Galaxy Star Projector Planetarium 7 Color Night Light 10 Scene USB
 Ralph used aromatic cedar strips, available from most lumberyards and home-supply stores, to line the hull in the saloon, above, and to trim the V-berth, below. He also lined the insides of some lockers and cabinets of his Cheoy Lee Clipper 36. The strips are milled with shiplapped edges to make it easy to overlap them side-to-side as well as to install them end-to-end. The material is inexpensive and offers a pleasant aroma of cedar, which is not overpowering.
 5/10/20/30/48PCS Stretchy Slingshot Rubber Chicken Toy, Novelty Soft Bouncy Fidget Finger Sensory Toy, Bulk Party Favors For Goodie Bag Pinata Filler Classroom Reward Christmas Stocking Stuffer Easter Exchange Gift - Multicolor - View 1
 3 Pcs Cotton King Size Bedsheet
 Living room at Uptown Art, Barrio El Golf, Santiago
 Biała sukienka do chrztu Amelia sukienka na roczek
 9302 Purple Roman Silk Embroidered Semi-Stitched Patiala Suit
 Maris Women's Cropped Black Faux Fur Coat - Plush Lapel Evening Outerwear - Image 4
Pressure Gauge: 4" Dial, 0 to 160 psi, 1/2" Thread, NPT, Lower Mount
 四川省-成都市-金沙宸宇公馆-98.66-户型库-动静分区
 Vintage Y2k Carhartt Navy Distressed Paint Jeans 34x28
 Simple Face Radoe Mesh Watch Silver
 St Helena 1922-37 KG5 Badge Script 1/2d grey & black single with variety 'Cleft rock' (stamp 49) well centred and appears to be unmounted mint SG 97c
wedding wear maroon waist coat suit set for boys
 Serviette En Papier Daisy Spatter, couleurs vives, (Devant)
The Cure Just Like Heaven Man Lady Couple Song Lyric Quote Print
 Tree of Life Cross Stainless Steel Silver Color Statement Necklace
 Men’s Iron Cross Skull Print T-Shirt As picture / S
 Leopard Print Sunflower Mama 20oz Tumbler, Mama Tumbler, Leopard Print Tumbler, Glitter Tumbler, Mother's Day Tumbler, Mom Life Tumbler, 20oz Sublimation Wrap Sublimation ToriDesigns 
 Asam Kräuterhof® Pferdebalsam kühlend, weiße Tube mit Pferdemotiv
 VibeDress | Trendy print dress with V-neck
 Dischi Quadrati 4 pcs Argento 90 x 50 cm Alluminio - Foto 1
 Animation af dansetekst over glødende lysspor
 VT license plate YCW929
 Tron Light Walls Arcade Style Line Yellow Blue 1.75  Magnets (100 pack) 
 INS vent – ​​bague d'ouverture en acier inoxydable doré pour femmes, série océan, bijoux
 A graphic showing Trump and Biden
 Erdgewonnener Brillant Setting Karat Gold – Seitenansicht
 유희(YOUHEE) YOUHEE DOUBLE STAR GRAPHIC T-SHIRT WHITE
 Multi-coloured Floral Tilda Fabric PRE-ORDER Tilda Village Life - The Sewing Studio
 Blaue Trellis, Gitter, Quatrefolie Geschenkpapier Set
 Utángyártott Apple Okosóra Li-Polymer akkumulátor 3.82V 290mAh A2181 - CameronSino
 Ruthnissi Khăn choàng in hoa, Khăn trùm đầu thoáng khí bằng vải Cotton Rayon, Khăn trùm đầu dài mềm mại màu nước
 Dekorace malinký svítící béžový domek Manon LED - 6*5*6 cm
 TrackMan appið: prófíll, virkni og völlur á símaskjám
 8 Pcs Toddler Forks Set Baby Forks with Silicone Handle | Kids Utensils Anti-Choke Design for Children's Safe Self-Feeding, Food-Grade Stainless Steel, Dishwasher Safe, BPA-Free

#### Problem to work on:
Determine how many lines in the data include "well", and let the answer be that number alone.

#### Task answer:
2